The Berliner Festspiele have been running the Martin-Gropius-Bau since 2001 on behalf of the Federal Government Commissioner for Culture and the Media. The heads of seven institutions advise the program:
Berlin Festival in the KBB GmbH
Federal Agency for Civic Education
Foundation German Historical Museum, Berlin
Foundation House of History, Bonn
House of World Cultures at KBB GmbH
Art and Exhibition Hall of the Federal Republic of Germany, Bonn
State Museums in Berlin - Prussian cultural heritage

The respective organizers are responsible for the exhibitions. The director of the exhibition center from February 1, 2018 to September 2022 was the art historian Stephanie Rosenthal, who previously worked as a curator at the Hayward Gallery in London. Her long-time predecessor in office was Gereon Sievernich.

 

History

The building was erected in 1877-1881 according to plans and under the direction of the architects Martin Gropius (a great-uncle of the Bauhaus founder Walter Gropius) and Heino Schmieden in the style of the Italian Renaissance. Of the other museums, such as the Museum of Ethnology, which were also known as the Museum Quarter, which were closely related in terms of content and location, it was the only one that survived.
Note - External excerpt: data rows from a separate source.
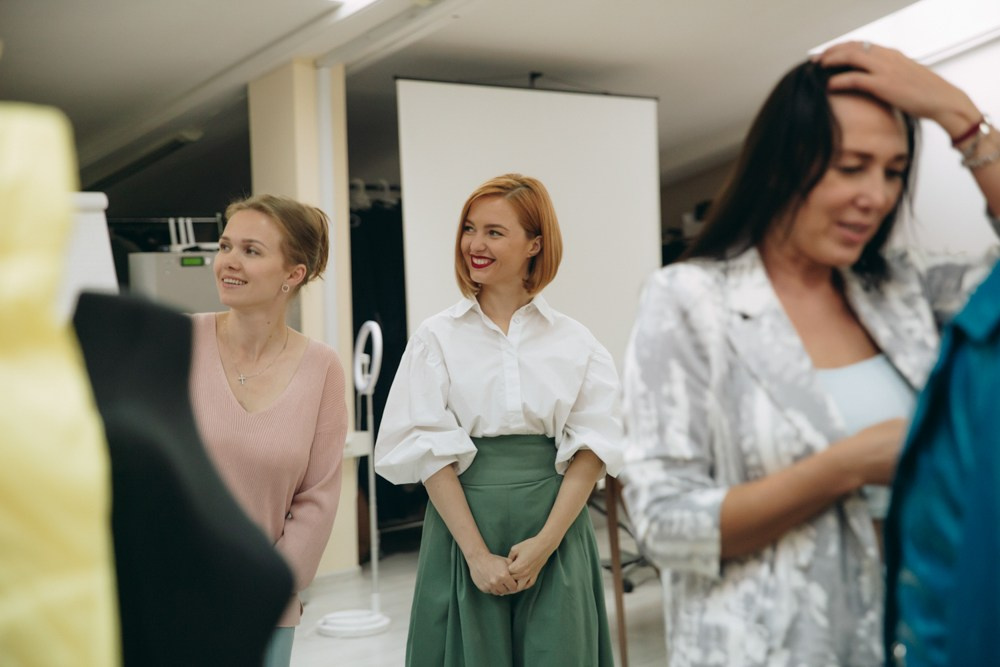 Репортаж Вашего мероприятия. Фотограф в Москве и Сочи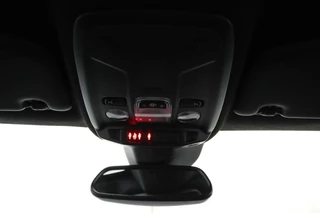 Opel Corsa – thumbnail 37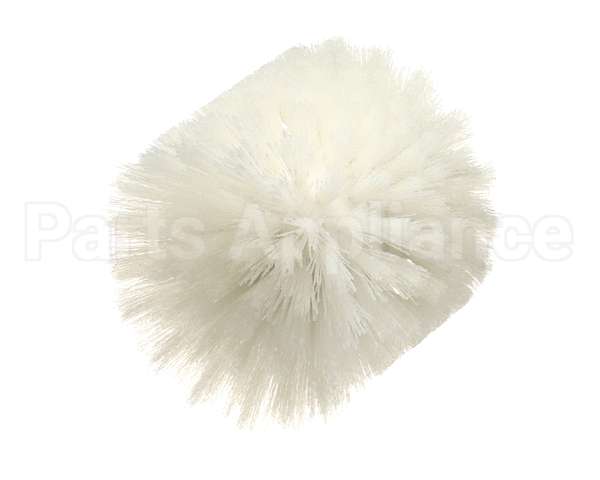 HC158009 Electrofreeze Brush-4In Without Handle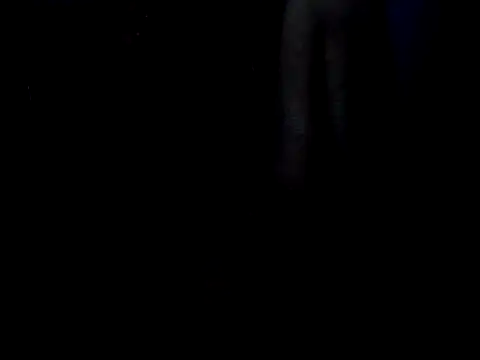 IamRentedBoybfriend online show from 10/21/25, 12:32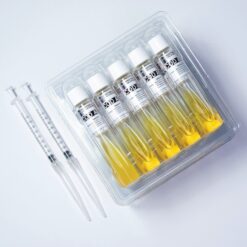 thuoc thu cod thang thap theo phuong phap epa 25 ong hanna hi93754a 25 2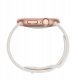 Etui AMAZINGTHING Minimal Case do Apple Watch 46mm – różowe złoto 1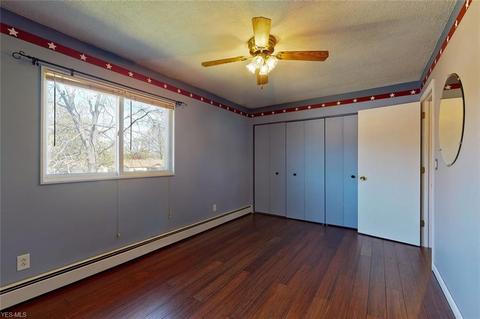 445 Laurel Dr, Berea, OH 44017 photo 22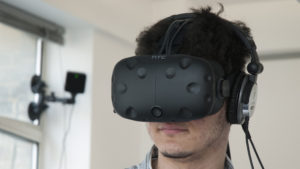 htc_vive-vaughn_highfield-face_on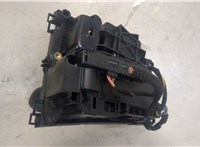  Кулиса КПП BMW X5 E70 2007-2013 20080859 #3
The initiative for the construction came from the association Deutsches Gewerbemuseum founded in 1867, of which Gropius was also a member. Conceived as an arts and crafts museum with a library and adjoining educational institution, from 1922 the building housed the museum for prehistory and early history, as well as the East Asian art collection and, in a building to the east, an arts and crafts school. Young people could learn carving or carpentry here.

During an Allied air raid on Berlin city center in World War II, the museum building suffered severe damage in 1945, and demolition of the ruins after the end of the war seemed inevitable. The intervention of Walter Gropius halted the project and eventually led to the building being listed as a historical monument in 1966, bearing the name of its main architect.

Reconstruction began in 1978 under the direction of the architect Winnetou Kampmann and his wife Ute Weström. Since the Berlin Wall ran directly in front of the main portal, access was moved to the southern rear. They also built galleries on the second floor. During the construction work, the house was reopened in 1981 with a Schinkel exhibition.

Extensive renovation and conversion work with federal funds took place after the fall of the Berlin Wall and after German reunification, between 1998 and 2000. The original entrance situation on the north side was restored. In addition, the building received modern air conditioning for the exhibition rooms on the ground floor and first floor. The planning of the conversion was in the hands of the architectural community Hilmer & Sattler and Albrecht as well as Volkhausen and Lubkoll.

The house was reopened in 1999 with an exhibition on the 50-year history of the Federal Republic of Germany.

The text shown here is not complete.